§ **To do**
Below are records that should be duplicated exactly, with no image retained.

§ **Records to use**
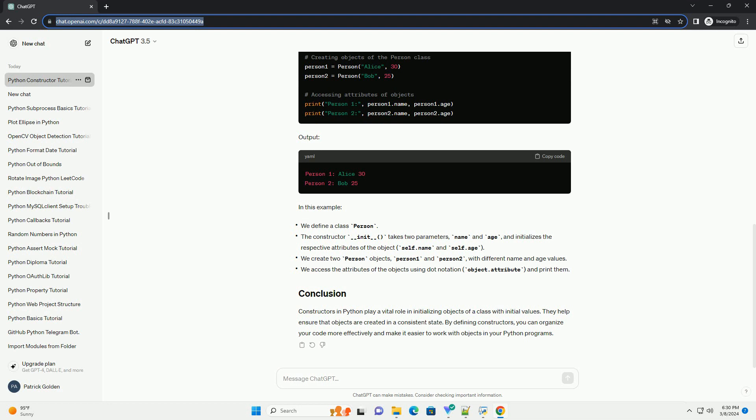Constructors in Python play a vital role in initializing objects of a class with initial values. They help ensure that objects are created in a consistent state. By defining constructors, you can organize your code more effectively and make it easier to work with objects in your Python programs.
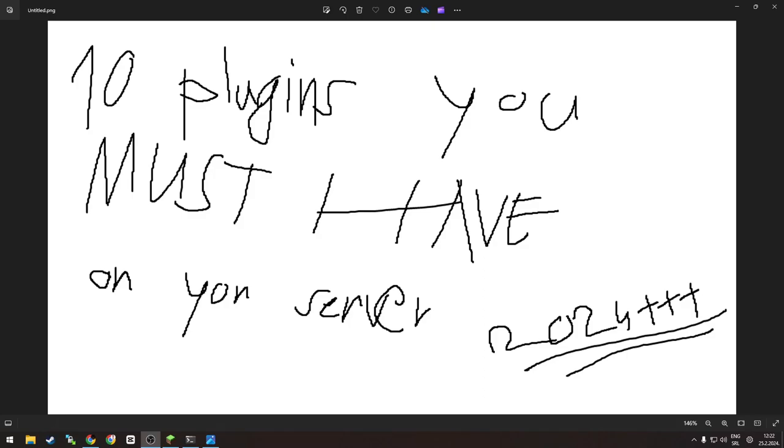Hello and welcome to 10 plugins you must have on your server, or don't, up to you. But trust me, you better do. After all, you are here to learn about those magical things called plugins, right?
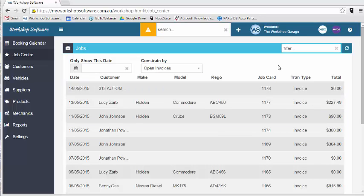Welcome to this workshop software demonstration on how you can link your workshop software account with your MYOB online account.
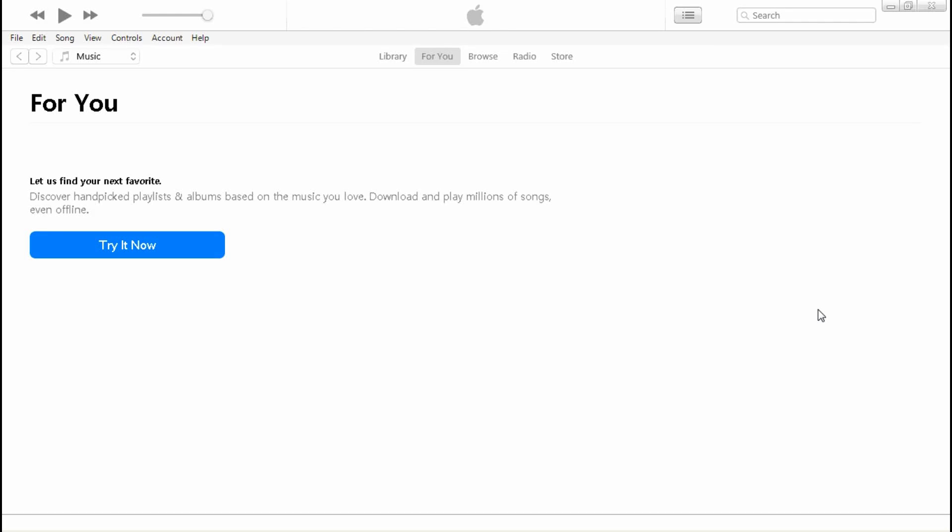So the first thing you want to do is make sure you got your phone plugged in. I'm gonna plug mine in now and as you can see up here an icon will show up of your phone.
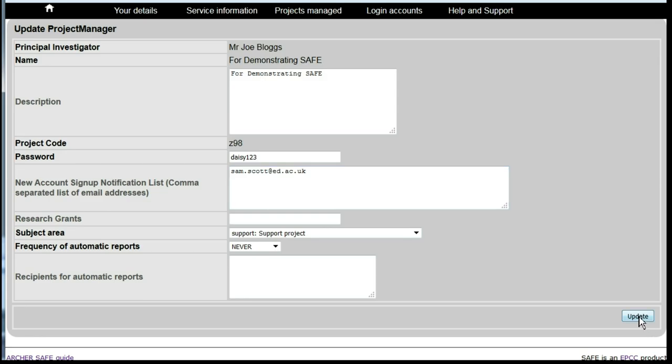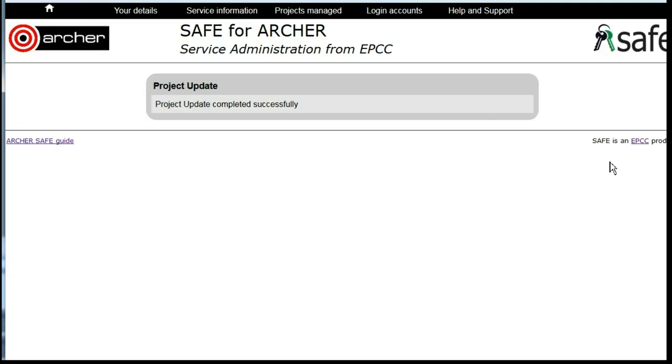Then click Update. Each time a new user signs up for an account on the project, the PI or anyone whose address is entered there will receive notification.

§ **Expected answer**
Constructors in Python play a vital role in initializing objects of a class with initial values. They help ensure that objects are created in a consistent state. By defining constructors, you can organize your code more effectively and make it easier to work with objects in your Python programs.
Hello and welcome to 10 plugins you must have on your server, or don't, up to you. But trust me, you better do. After all, you are here to learn about those magical things called plugins, right?
Welcome to this workshop software demonstration on how you can link your workshop software account with your MYOB online account.
So the first thing you want to do is make sure you got your phone plugged in. I'm gonna plug mine in now and as you can see up here an icon will show up of your phone.
Then click Update. Each time a new user signs up for an account on the project, the PI or anyone whose address is entered there will receive notification.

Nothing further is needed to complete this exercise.